阎王易过,鬼难缠,虽然工部尚书刘适对李从嘉这位郑王殿下是十分的恭敬,但是并不代表着这工部上下一干热都是对李从嘉的到来感到心服口服的。
例如工部右侍郎张昊就表示了十分的不满。
“大人,您对于殿下此番来我工部如何看待。”张浩方才没有机会,等到李从嘉走了之后就赶紧的来找刘适商量对策之法。
工部尚书这负着手斜眼瞥了一眼自己这一位得力的手下,自然明白他心中所想,却并没有什么表示,只是轻轻的拍了拍肩膀,就转身回到了屋子里。
这番动作倒是让张浩感到丈二和尚摸不着头脑,赶紧追进屋子来询,“大人。您怎么就走了?大家都知道您在这工部劳苦功高,是我等众人仰慕的对象,这陛下纵然溺爱皇子也不能这个样子啊。”

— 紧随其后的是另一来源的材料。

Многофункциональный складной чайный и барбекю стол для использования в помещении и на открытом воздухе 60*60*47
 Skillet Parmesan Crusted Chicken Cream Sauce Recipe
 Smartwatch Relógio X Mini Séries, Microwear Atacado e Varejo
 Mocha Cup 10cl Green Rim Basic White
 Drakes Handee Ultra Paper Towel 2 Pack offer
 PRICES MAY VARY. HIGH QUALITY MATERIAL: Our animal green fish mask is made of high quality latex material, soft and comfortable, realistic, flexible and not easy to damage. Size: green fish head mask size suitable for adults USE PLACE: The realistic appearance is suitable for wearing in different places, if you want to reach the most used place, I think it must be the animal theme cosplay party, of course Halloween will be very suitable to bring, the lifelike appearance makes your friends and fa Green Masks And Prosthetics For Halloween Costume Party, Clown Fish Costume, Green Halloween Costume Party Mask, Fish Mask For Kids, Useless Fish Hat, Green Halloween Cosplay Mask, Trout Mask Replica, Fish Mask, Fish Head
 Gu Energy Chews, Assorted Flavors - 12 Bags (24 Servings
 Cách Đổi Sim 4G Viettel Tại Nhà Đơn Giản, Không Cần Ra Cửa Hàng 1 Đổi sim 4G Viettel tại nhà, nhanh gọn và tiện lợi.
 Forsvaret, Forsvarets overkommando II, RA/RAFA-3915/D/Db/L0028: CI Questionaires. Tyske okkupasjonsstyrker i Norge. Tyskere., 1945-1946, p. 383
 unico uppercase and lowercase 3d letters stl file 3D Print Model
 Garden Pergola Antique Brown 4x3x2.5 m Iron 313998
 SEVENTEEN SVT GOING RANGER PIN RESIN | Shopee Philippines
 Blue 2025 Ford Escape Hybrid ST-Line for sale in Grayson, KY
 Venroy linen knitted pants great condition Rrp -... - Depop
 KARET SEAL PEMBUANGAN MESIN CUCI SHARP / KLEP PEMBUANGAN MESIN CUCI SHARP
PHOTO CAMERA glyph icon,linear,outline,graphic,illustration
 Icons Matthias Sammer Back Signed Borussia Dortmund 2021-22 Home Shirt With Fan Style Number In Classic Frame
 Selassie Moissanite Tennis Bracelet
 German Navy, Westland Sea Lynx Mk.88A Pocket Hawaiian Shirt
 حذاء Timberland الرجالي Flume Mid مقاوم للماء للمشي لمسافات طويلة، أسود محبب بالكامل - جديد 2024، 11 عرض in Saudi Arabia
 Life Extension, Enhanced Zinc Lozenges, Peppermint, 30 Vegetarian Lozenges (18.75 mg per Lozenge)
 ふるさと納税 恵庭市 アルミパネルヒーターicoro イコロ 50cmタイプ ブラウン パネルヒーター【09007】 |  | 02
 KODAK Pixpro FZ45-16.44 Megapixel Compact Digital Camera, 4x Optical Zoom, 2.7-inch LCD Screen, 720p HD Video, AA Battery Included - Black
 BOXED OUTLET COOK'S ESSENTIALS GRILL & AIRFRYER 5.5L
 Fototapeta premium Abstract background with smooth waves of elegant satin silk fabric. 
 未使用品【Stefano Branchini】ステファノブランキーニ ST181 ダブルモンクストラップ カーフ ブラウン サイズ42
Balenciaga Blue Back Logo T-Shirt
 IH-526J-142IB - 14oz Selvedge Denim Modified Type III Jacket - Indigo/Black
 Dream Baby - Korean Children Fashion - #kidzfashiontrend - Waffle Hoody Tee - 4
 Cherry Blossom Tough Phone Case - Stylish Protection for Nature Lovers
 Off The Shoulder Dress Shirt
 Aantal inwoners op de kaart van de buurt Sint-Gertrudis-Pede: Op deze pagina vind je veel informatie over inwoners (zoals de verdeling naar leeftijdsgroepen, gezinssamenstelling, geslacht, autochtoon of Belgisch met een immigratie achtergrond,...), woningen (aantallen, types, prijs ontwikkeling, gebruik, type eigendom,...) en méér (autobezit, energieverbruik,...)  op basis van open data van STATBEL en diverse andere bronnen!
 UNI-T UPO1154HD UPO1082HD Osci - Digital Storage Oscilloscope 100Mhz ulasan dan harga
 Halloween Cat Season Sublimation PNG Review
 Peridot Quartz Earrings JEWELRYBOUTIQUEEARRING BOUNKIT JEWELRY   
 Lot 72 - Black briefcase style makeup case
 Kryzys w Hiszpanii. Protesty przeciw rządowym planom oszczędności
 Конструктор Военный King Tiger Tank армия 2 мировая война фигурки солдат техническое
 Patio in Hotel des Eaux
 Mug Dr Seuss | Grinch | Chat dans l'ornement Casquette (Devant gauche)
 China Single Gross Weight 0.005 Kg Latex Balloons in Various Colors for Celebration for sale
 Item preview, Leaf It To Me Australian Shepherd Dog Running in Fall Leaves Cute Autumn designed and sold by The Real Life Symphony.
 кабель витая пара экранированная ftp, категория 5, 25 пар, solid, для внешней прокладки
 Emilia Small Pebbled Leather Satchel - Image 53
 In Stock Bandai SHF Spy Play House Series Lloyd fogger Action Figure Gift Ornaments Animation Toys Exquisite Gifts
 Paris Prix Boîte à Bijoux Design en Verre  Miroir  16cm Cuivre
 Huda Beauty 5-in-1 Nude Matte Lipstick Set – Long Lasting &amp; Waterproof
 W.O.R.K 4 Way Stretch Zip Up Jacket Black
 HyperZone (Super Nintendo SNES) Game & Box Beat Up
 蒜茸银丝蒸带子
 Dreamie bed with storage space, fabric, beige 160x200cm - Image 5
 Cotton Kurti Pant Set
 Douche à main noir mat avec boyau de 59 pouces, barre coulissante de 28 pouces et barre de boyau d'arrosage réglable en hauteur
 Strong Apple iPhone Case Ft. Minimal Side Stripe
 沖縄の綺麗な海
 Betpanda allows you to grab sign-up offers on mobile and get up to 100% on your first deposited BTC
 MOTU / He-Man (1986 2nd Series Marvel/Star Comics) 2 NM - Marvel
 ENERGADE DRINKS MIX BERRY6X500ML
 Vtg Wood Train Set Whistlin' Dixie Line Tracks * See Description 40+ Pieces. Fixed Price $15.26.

这不过就是借着自己在借题发挥吧,现在刘适对于自己的位置已经看的十分开了。殿下刚才的一举一动,一言一行都已经表明了其对于自己这一个工部尚书之位是一点儿也不在乎的。”既然不在乎自己的尚书之位,那明这工部只不过是殿下的一个过路之所,那么自己又何必与这位陛下最为溺爱的皇子撕破脸面呢?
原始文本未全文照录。